Alfonso Ussía

El sudor del padre

He estado en Sevilla. Ya el sol ardiente. Algunos jacarandas con sus últimas flores. De vuelta a Madrid, a dos minutos de la estación de Santa Justa, La Rinconada. He pensado en Marta del Castillo y en los padres de Marta del Castillo, esperanzados en encontrar, al fin, en un siniestro rincón de la Rinconada, los huesos de su hija. Ni el fiscal ni el juez creen en la última indicación del canalla de Carcaño. Pero la fuerza de unos padres devastados por la angustia es mucha fuerza, y las de Seguridad del Estado, Guardia Civil y Policía Nacional, están con ellos.

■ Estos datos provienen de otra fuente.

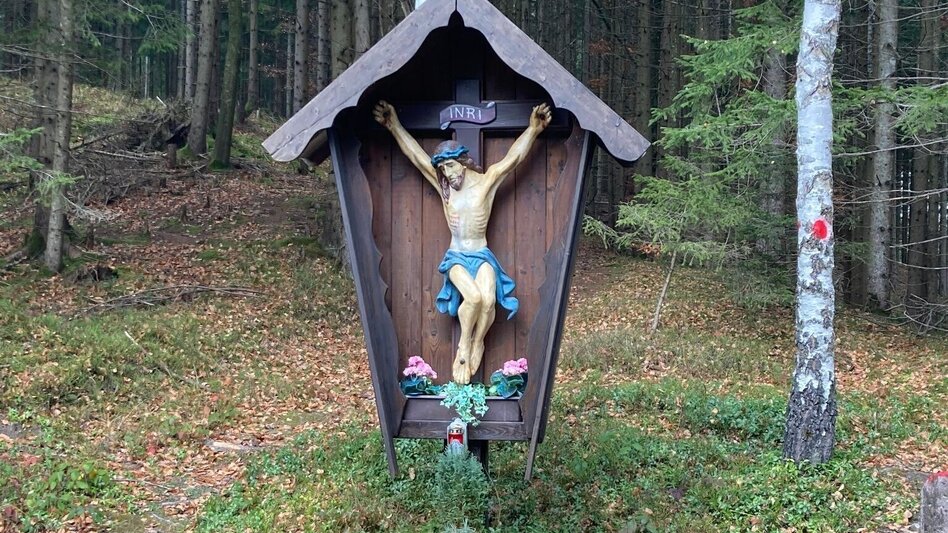 Mountainbike Eisenerzer Ramsau LN 11 - Touren-Impression #2.9 | © Tourismusverband ERZBERG LEOBEN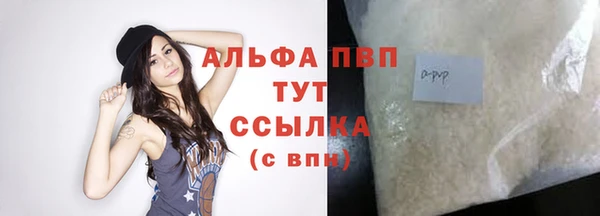 хмурый Каменка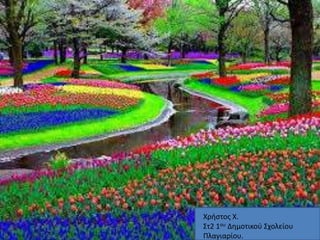Χρήστος Χ. 
Στ2 1ου Δημοτικού Σχολείου 
Πλαγιαρίου.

Cae el sol de plomo, y un padre cava la tierra, golpe a golpe, con la ilusión de que la pala se detenga ante la solidez de unos huesos. El sudor de Antonio del Castillo riega el suelo con la más triste esperanza que esperar se puede. En ocho ocasiones se han reído de él los asesinos de Marta. De él, de los guardias civiles, de los policías nacionales, del fiscal, del juez y de todos los españoles con un milímetro de sensibilidad en adelante. Por ahí se mueven las sombras negras de la maldad más absoluta. Los terroristas asesinan, pero autorizan el consuelo de los sepulcros. Estos criminales superan en perversidad a los peores etarras, a los peores fanáticos del terror islámico, a los peores individuos nacidos para matar a sus semejantes. Os dejamos sin hija, y sin sitio para que descanséis llorándola. No se puede concebir mayor vileza.

El padre de Marta, don Antonio, quiere compartir la búsqueda de los huesos de Marta. Y palada a palada ahonda en la soterra confiado en el milagro. El milagro es su hija muerta, asesinada por una banda de forajidos que hablaron, amaron, rieron, y compartieron con Marta el mundo de los jóvenes. Ninguno de los criminales ha sentido el más mínimo remordimiento. Y ahí están, uno en la cárcel y otros en la calle, atravesando con sus mentiras, sus pistas falsas y sus carcajadas de hiena, la nobleza y la valentía de una familia destrozada.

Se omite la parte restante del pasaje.